Often portrayed as some arcane eldrich magical power counting cards is neither difficult nor pointless, so we look at an entry level system for those put off by the “experts”.

Mention you’ve a blackjack card counting system in polite company and there’s a ripple of reaction that ranges from the dismissive scoffing of people who think it only happens in the movies, to the shocked astonishment of those that think it’s illegal. The fact is counting cards is commonplace in casinos and whilst it’s not actually against the law, casinos reserve the right to eject whomever they wish for whatever reason they wish and strangely that always seems to include anyone counting cards. They may even go so far as to bar you from the premises in-perpetuity, which all by itself should indicate how useful counting cards can be.

Counting The Cards Not The Cost

• Keep track of how many cards worth ten have been dealt

• Work out if that’s more or less than average for the percentage of shoe dealt

• Bet accordingly high if there’s still lots to come

Of course what puts most people off even attempting to count cards are websites and books about counting cards all of which manage to make it as complex and confusing as a lecture on the algebraic equations of particle physics given in a foreign language. However one need not be a maths genius to employ a very basic form of card counting, you don’t need a photographic memory nor be part of a well established team of co-conspirators, you can just sit down at the table, have the cards dealt to you and get on with it, almost instantly. How? Well lets take a look.

It is all about the cards that are worth 10. The tens themselves, the jacks, queens and kings too. Those are the cards you need to be counting, and not just the ones that are dealt to you, but those that are dealt to everyone else. Why? Because there’s a finite number of them in a six deck shoe (as is common in casinos) and knowing how likely you are to be dealt some or not is of huge use when placing your bet. So there are 312 cards in six decks and 96 of those carry that value of 10, assuming they’re distributed evenly we are going to be able to guess how many are left in the shoe if we’ve been counting how many have already been dealt.

## Keeping It Simple

We don’t even need to work it out exactly, just vaguely enough to know if there are more or less than average in the second half of a shoe’s worth of dealing.
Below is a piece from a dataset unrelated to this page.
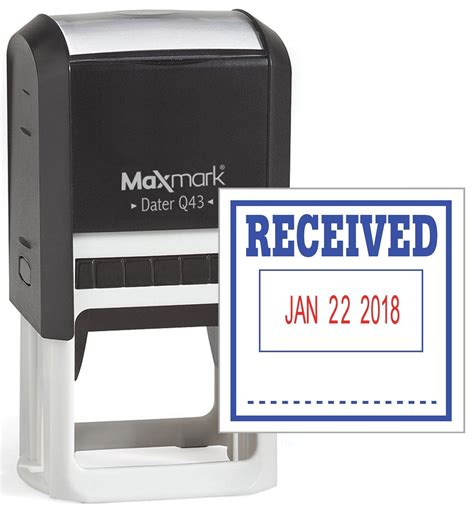 Maxmark Q43 Large Size Date Stamp With Received Self Inking Stamp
The average per hand should be about seven cards worth 10 appearing on the table, if it’s more than this, you’re into negative territory and should be circumspect, but if there’s been fewer than this average, there’s a lot of tens still out there, and it’s time to bet more heavily. It really is that simple. Count the cards worth 10 on the table for the first say five hands and you should be able to work out if the second five hands of the shoe are going to favor you or not.

You can also do the same with aces only on a more limited scale, not seen any? They’re still to come and in conjunction with knowing there are a whole bunch of 10-value cards yet to be dealt this probably IS the time to go for that 3-2 blackjack payout, right?. Likewise if you’ve counted lots (above the average distribution) it’s probably not the time to be cavalier about your wagers. So really all one need to to count cards in a casino is work out the average distribution of aces or tens then pay attention, get down to the last few hands of a shoe having counted very few of those you know must be there, you too will soon be winning at blackjack.

Now you might think that the small percentage advantages gained in this way aren’t worth the effort, but in fact given the speed with which the game is played, over even a few hours play it can add up to a significant increase in your odds. This is why casinos aren’t fond of people employing such smart strategies and if one is too blatant about it they will ask you to leave, even if you’re a Hollywood A-lister. So keep your head, keep count and bet big when the advantage is yours. Card counting isn’t mystical mumbo jumbo nor calculus in disguise, it’s just a question of what has gone and what’s to come. Good luck at the tables!